Identify issues with 3rd party software

[adamopenweb]

We see many issues similar to: https://github.com/webcompat/web-bugs/issues/20319. Where it's likely there is a 3rd party software causing issues with Firefox for users. In most cases we can't help and the report is anonymous so further investigation doesn't happen.

Hypothesis Grouping these types of issues by label and collecting available information about the registered Antivirus vendor would allow us to aggregate reports and use as an indicator that the software is causing issues for Firefox users. We could then use our established relationships to ask the vendor to investigate and remedy the issue.

We have anecdotal evidence from about:support which could be used to make a decision about data collection, or prompting the user to provide more information.

It's also likely we can detect if the report happened on a page with a Cert error. Which would minimize data collection further, to only issues / reports where we think there's value.

To be clear I would expect that if we explored this, we would make it known in the webcompat report that we are collecting the AV vendor and any other related information.

[miketaylr]

We have anecdotal evidence from about:support which could be used to make a decision about data collection, or prompting the user to provide more information.

I think this is a good idea. The more environment data we have access to, the better.

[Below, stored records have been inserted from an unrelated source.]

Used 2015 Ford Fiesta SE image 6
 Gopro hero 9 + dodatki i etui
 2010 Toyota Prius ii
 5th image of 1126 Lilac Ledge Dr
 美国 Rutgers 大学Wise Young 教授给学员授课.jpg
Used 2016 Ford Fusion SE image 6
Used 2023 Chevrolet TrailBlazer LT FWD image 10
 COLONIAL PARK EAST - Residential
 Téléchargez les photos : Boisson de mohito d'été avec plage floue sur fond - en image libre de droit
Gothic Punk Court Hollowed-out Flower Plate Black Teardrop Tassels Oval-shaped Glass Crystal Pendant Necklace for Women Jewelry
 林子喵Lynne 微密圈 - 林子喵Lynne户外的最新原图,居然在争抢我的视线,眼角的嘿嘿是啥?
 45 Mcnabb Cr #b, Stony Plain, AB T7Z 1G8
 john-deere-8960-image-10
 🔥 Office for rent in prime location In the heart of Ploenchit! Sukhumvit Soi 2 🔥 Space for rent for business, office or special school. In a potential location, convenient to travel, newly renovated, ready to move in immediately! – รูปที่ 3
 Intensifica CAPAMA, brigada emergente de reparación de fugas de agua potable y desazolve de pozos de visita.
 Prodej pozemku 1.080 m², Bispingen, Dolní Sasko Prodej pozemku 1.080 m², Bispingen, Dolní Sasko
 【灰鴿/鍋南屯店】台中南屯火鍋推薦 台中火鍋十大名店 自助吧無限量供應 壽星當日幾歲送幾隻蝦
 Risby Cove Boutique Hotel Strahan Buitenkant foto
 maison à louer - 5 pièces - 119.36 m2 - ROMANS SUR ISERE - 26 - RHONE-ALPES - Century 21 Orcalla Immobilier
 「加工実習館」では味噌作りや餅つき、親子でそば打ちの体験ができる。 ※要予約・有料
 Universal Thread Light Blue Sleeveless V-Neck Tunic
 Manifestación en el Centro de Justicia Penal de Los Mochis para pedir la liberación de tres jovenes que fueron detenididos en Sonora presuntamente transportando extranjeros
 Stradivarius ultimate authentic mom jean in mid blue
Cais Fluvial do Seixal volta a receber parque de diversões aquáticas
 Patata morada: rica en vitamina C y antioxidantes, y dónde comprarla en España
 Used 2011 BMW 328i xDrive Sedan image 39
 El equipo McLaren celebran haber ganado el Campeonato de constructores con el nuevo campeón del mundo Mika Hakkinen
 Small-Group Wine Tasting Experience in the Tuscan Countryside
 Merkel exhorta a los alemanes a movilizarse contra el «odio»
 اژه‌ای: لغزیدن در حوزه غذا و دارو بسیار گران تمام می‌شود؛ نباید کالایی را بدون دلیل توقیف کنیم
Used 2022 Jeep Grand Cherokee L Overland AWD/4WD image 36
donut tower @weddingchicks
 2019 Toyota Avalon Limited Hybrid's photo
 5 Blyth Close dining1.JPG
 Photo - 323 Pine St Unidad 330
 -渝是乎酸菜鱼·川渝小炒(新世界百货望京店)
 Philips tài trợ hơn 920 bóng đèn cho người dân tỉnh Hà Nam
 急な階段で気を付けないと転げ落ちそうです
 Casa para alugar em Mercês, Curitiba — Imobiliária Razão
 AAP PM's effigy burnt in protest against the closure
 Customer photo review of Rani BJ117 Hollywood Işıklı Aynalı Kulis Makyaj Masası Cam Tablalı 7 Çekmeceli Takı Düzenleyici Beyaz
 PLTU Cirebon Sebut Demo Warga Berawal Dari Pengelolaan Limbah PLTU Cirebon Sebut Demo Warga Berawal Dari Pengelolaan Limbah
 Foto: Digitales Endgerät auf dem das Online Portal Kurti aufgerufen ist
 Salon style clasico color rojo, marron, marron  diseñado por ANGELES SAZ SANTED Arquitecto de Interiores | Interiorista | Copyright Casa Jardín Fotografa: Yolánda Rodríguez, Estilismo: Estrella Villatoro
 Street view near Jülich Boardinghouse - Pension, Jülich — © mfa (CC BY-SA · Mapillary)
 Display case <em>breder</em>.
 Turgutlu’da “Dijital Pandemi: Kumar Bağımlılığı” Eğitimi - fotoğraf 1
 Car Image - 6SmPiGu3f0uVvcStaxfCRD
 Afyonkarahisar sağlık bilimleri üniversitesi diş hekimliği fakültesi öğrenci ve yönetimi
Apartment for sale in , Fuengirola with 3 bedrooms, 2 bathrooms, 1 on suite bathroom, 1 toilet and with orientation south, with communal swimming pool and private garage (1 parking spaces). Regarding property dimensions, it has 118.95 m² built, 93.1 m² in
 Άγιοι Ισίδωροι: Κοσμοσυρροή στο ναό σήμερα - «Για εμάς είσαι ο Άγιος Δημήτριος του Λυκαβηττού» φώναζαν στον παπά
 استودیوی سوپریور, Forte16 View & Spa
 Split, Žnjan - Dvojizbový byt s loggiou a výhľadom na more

Do you know what it would look like from about:support if someone had AV software installed? Do you have an example?

[adamopenweb]

@miketaylr

[miketaylr]

Ah, cool! Makes sense that I didn't see that... because I don't have anything installed.

[rtestard]

Great idea, I'll just add more info about related activities for context:

• AVs can break HTTPs on Firefox (we previously saw instances with large impact where AVs poorly integrated with our cert store meaning HTTPs broke on Firefox but worked on other browsers since all others integrate with OS cert stores). I raised this bug to help quantify and address since right now we're telemetry blind on such occurences https://bugzilla.mozilla.org/show_bug.cgi?id=1494571
• https://webcompat.com/ is served over HTTPs, if HTTPs is broken on Firefox it's much harder for users to submit such issues since they'd have to open another browser, we may undercount these instances
• The about:support data on AV is available on telemetry (see an example here https://sql.telemetry.mozilla.org/queries/58995/source#152810). In the example https://github.com/webcompat/web-bugs/issues/20319 the user would not be submitting telemetry since telemetry is sent over HTTPs that is blocked for him so asking him to inform us about what he sees in about:support would work best

If we can prove with https://bugzilla.mozilla.org/show_bug.cgi?id=1494571 that the population size encountering such issues is large then we'd implement a HTTP fall-back for telemetry that would allow quantifying, trending and correlating such issues with AV vendors, we're probably 6 months away from that. In the mean time if you have evidence of such issues in the wild it would be super useful to help push https://bugzilla.mozilla.org/show_bug.cgi?id=1494571 forward since we're currently debating value of doing it VS our policy that currently makes it hard to bring HTTP end-points to our infrastructure. SO thanks for commenting on the bug if you could share how many such reports you saw or what share of web compat reports it may represent.